Es gracioso ver como cuando le preguntas a la gente qué recuerdos tienen con el vino y la Navidad, todos te cuentan una historia diferente. Algunos como Aroa, en cuya casa no se empieza a cocinar hasta que se descorcha la primera botella. Otros como Quico, recuerdan que era por Navidad cuando se abría la veda y hasta la abuela bebía una copita de cava y te animaba a probarlo. O Paco y Joaquín, siempre con una copa de burbujas en la mano. Incluso en casa de María o de Carlos, cuyas familias no le tenían especial aprecio al vino y, sin embargo, en Navidad no faltaba la botella sobre la mesa. El vino siempre estaba ahí.

Algunos de los recuerdos más hermosos de mi infancia son las Nochebuenas en casa de mi abuela en Lugo. La preparación de semejante festividad se venía organizando semanas antes cuando, tras intensas e interminables llamadas telefónicas, se decidía que, como todos los años anteriores y los posteriores a partir de ahí, Catonio se encargaba de los langostinos, Marina del puré, Estrella del salmón, Ana de los regalos, la abuela de los turrones, el carnicero del asado y, por supuesto, Tonón del vino.

Tonón, mi padre, sentía verdadera pasión por el vino. En mi casa, siempre llena de gente, mi madre preparaba comidas pantagruélicas regadas de vinos blancos, tintos, jóvenes, criados… que daban paso a interminables sobremesas. La devoción era tal que, aunque por lo general el menú marcaba el vino que se iba a beber, a veces ocurría lo contrario… Era mi padre el que decidía de antemano qué botellas se iban a abrir, aquellas que llevaba tiempo guardando para la ocasión y a las cuales mi madre se debía ajustar para que su cocina acompañase correctamente esa preciada bebida. En Navidad era cuando todo ese trabajo de selección se intensificaba, ya que no era sólo las fiestas, sino que tenía que haber siempre vino para las visitas, las reuniones inesperadas y las tardes tranquilas. Era un trajinar constante de botellas, algunas modestas y otras soberbias.

Hace años me tocó coger el relevo y me tomo muy en serio mi labor.
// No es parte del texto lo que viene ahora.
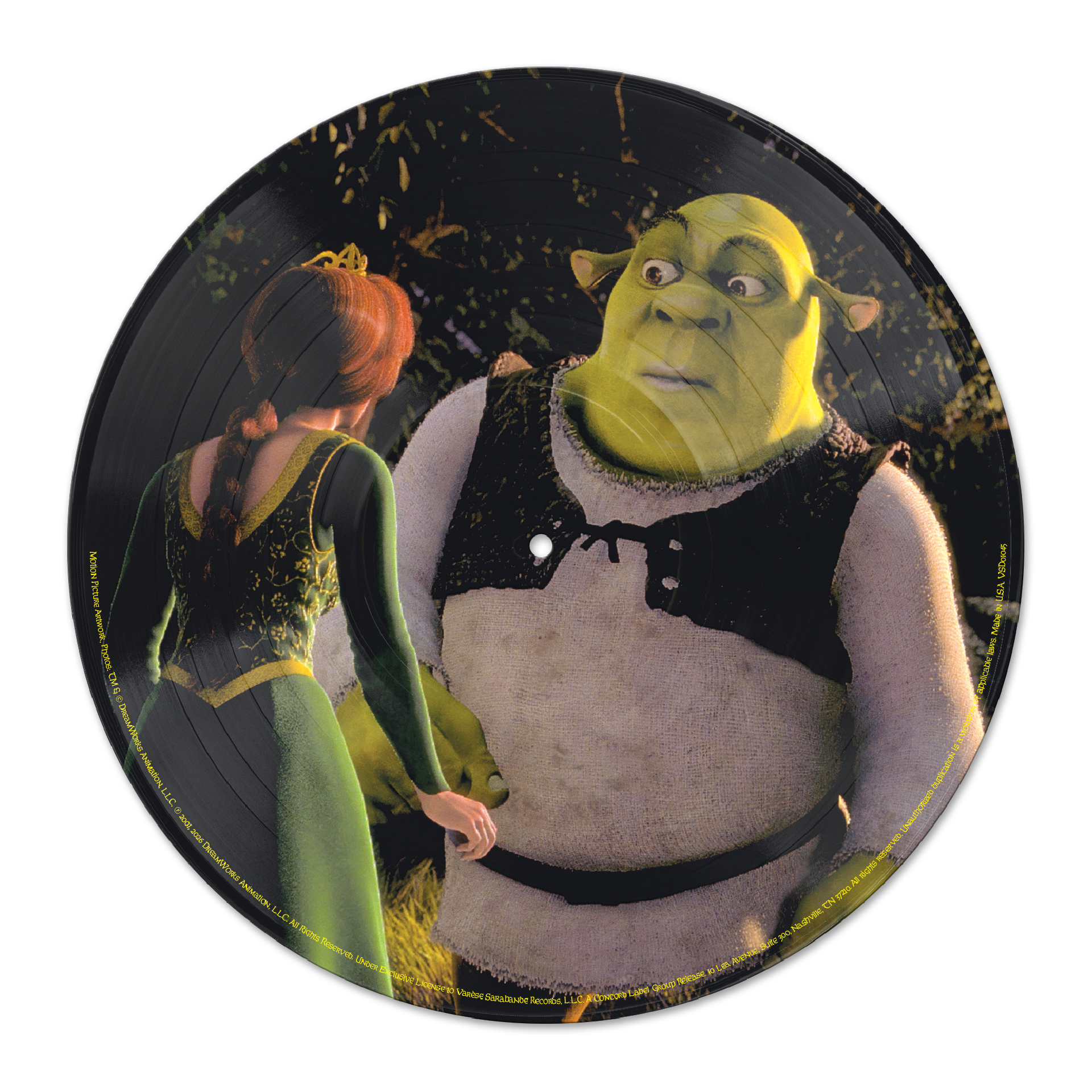 Harry Gregson-Williams/John Powell - Shrek (Original Motion Picture Score) [Picture Disc LP]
De la cocina de mi casa, he ampliado a las de amigos y familia; y cada año, por estas fechas, recibo el encargo de agenciarme con unas cuantas cajas de vino que después reparto. Siempre vino blanco y tinto, algún rosado para sorprender y burbujas para abrir boca. Algo gallego y algo de fuera, a ser posible de productores no muy conocidos. Botellas de precio ajustado para el día a día y algún exceso para las fiestas más importantes. Siempre abundante y siempre con la misma premisa: “Dejaos sorprender”, atreveos a comer con cava o a acompañar el cochinillo con un buen blanco gallego. Disfrutad del vino como siempre se ha hecho, sin clichés, sin normas.

Entiendo que tener un personal wine shopper no es tan común, pero eso no debería impedir que en cualquier mesa navideña se pueda disfrutar de un buen vino. Es ahí dónde, a mi entender, reside la utilidad de esas minuciosas listas o lo que considero más importante, el consejo de un buen tendero que te ayuda a elegir entre la infinidad de opciones disponibles. Con consejo o sin el, pero que no falte el vino. No olvidemos que la Navidad viene de aquellas bacanales romanas en las que después de festejar al dios Saturno, se celebraba el solsticio de invierno, el nacimiento del Sol. Siempre divertidas, festivas y bien regadas de vino.

En una de mis películas favoritas, ‘La vida de Bryan’, hay una escena delirante en la que, reunidos en asamblea, los rebeldes se quejan del espolio romano, mientras enumeran uno a uno los exiguos beneficios que dejan: los acueductos, el alcantarillado, las carreteras, el riego, la educación, el orden público, la sanidad… Y el vino. Pues sí, los romanos nos dejaron muchas cosas, algunas sencillas y otras magistrales, entre ellas la Navidad y el vino.